Wednesday, 19 November 2008

The English Language has Suddenly Shortened

I was recently informed (you can call it breaking news) that an expression from TV's The Simpsons will be included in the new Collins English Dictionary: "meh" which means " a lack of enthusiasm, of being unimpressed, mediocre or boring." In addition to new words being added, there is an ongoing debate about technological expressions which tend to take unhyphenated forms as they become more familiar, such as website, homepage, printout and email previously seen as web site, home page, print out and electronic mail. According to, the transition from World Wide Web site to Web site to website as a single uncapitalized word mirrors the development of an increasing preference for "closed forms."

It seems that now more than ever, people tend to be in a hurry , running late or just can’t find enough time in the day to get everything done. I’d like to believe the acceptance of shorter, closed form phrases and words may actually buy us time. Is there anyone out there measuring how much time are we are saving by removing a hyphen and a space and abbreviating words? While we wait for a response, let’s raise our glasses in a toast “to honor all the new short words.” But first, would you like Zin or Cab?

Wednesday, 12 November 2008

Out of Your Box

Webster defines collaborate “as to work jointly with others or together especially in an intellectual endeavor.” It sounds pretty good. Another more practical explanation is that it’s the only way to get through the work day successfully.

Every day we face projects that seem like mountains if we are trying to tackle them by ourselves, but with a team member or two on your side, they are completed with time to spare.
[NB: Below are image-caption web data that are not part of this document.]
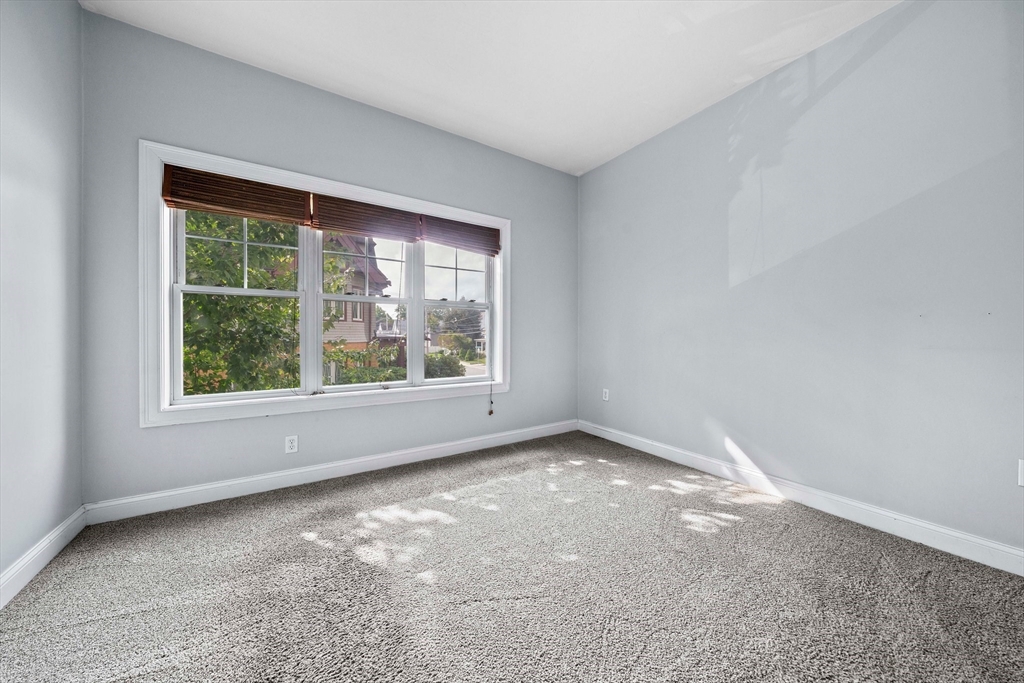 163 Rumford Ave # 204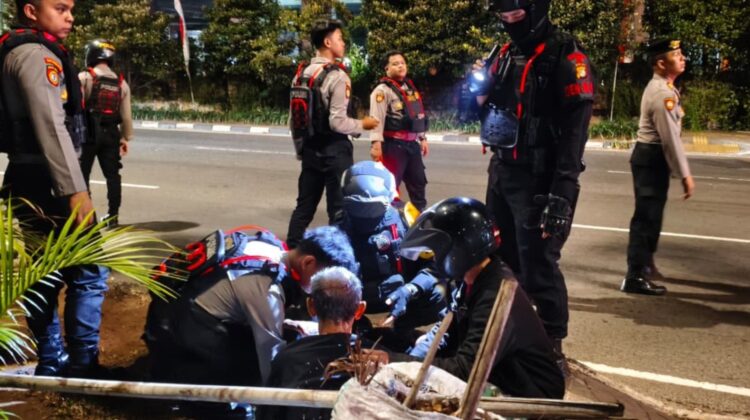 Brimob Metro Jaya Sigap Evakuasi Korban Kecelakaan Saat Patroli Malam di Jakarta Utara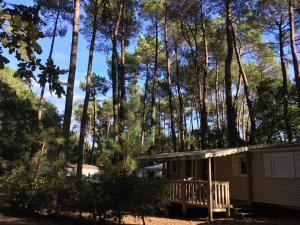 Campings Camping-Village Vacances Les deux Etangs : photos des chambres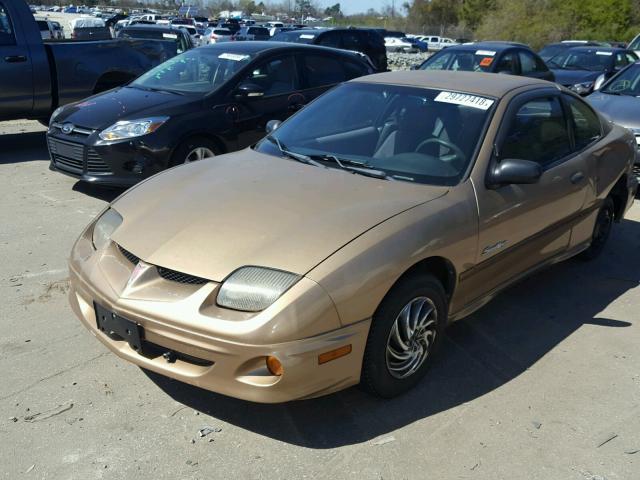 1G2JB1242Y7429684 - 2000 PONTIAC SUNFIRE SE GOLD photo 2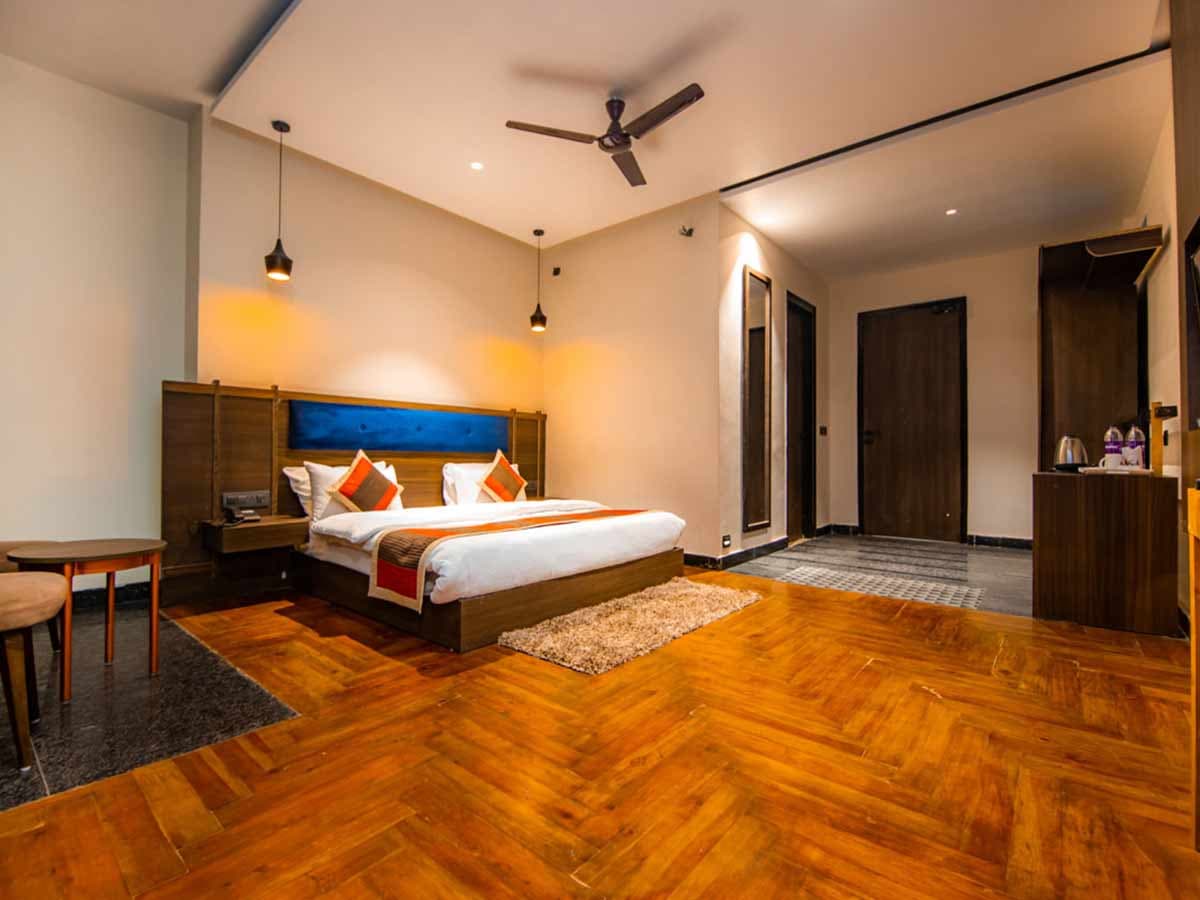 Stone Castle Room - Image 1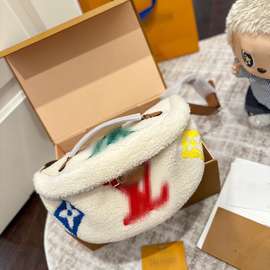 L家胸包腰包羊羔毛Teddy系列挎包时尚精致专供跨境一件代发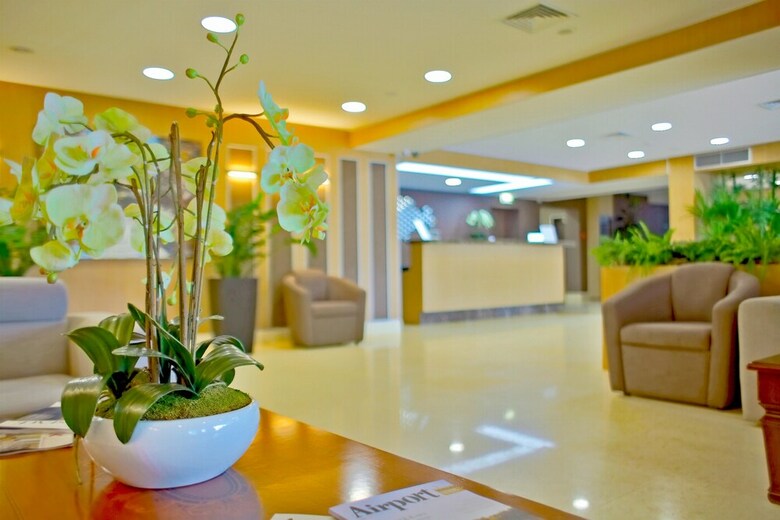 Ovis Hotel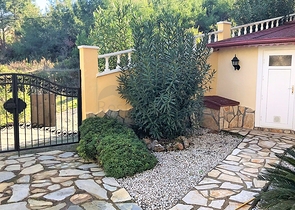 Двухэтажная вилла с видом на море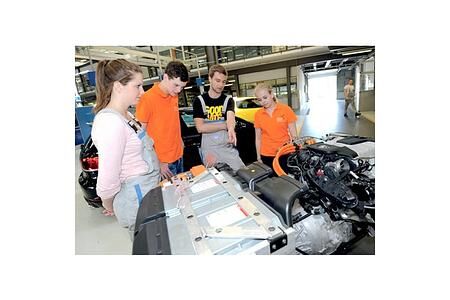 Jugendliche IdeenExpo-Botschafter besuchen Volkswagen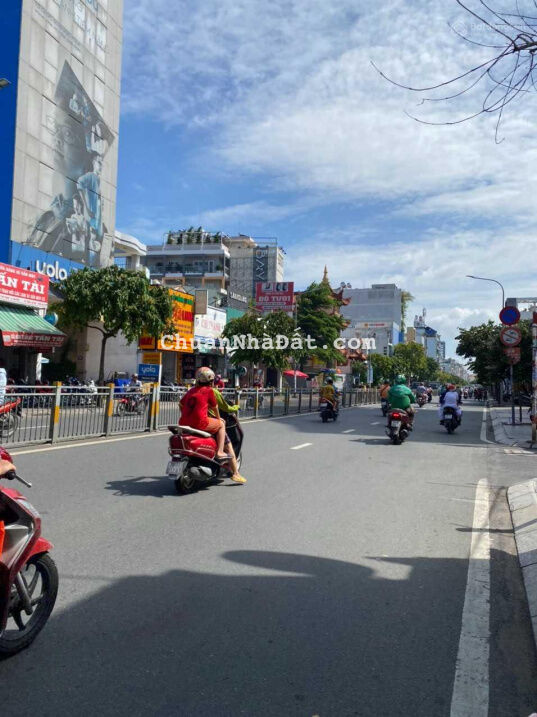 Góc 2MT kinh doanh Nguyễn Cửu Đàm 4x19,5m ( đủ lộ giới ),cấp 4.Giá 13,5 tỷ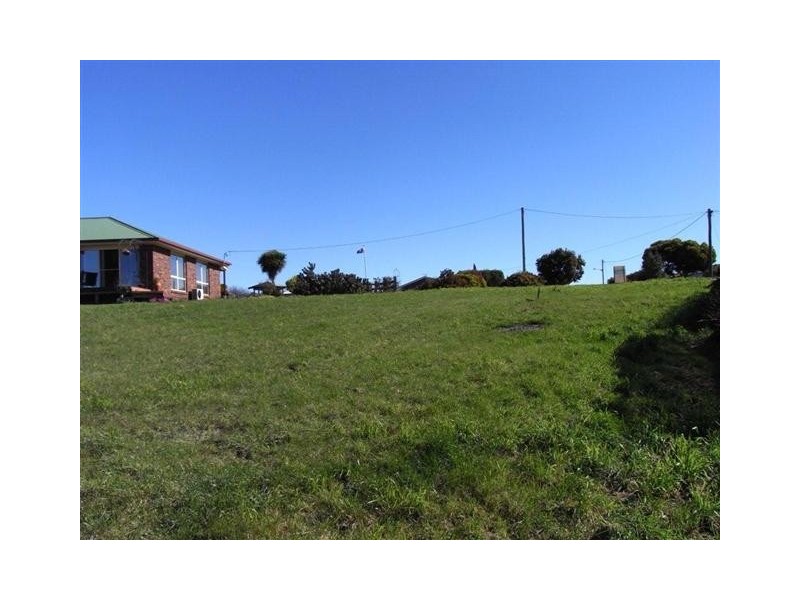 9 Elanora Place, East Devonport TAS 7310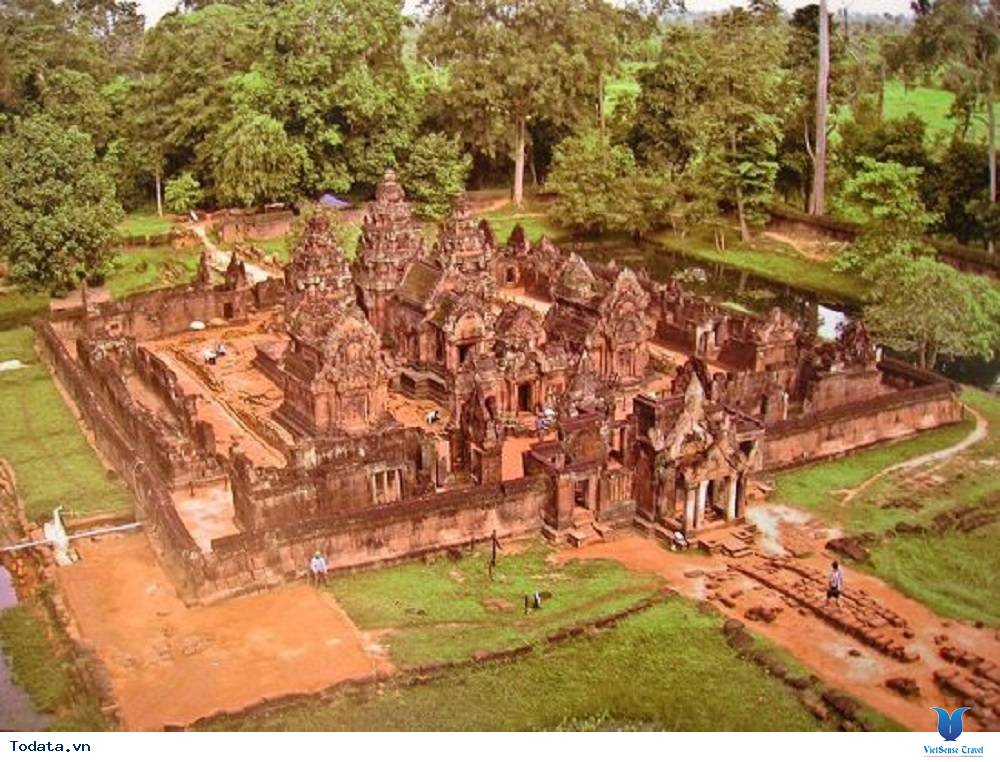 Thăm quan đền Banteay Srei linh thiêng của Campuchia - Ảnh 1 Thăm quan đền Banteay Srei linh thiêng của Campuchia - Ảnh 1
This is especially true if you are dealing with any kind of creative project. For example, take coming up with ideas for a new campaign. If you are alone, you are stuck in this little confining box called yourself, but when you bring in other perspectives, all of a sudden you are opened up to this new exciting world where there are no limits. One person will have an idea, which will spark an idea within someone else and the process just snowballs into success.

That is what this whole social media thing is all about. By yourself you are one person with one voice, trying to make a difference or be heard on whatever issue is important to you. But when you get out of your little box and join the other individuals out there, you are no longer one voice. You become many voices that will be successfully heard. So get out of your little box and be successful.

Go collaborate!

Wednesday, 5 November 2008

What Not to Do

You’ve probably heard of What Not to Wear, the show where Stacy and Clinton outfit an unsuspecting fashion victim with a fresh new look that not only transforms their physical presence but boosts their self-esteem. Well, when I read this story from Julie Power at Internet Marketing Report I immediately thought of a new show one might call What Not to Do, for companies in need of a fresh new outlook on how to do business and connect with customers in an increasingly social media-driven world, hosted by Common Sense and Get With The Program.

Julie recently wrote that executives at Jack Daniels shut down a web site that Dave Child, one of their fans, had launched called because they thought it infringed on their trademark. The site - a Jack Daniels love fest - had built up quite a following and garnered more visits than any of Jack Daniels’ corporate web properties.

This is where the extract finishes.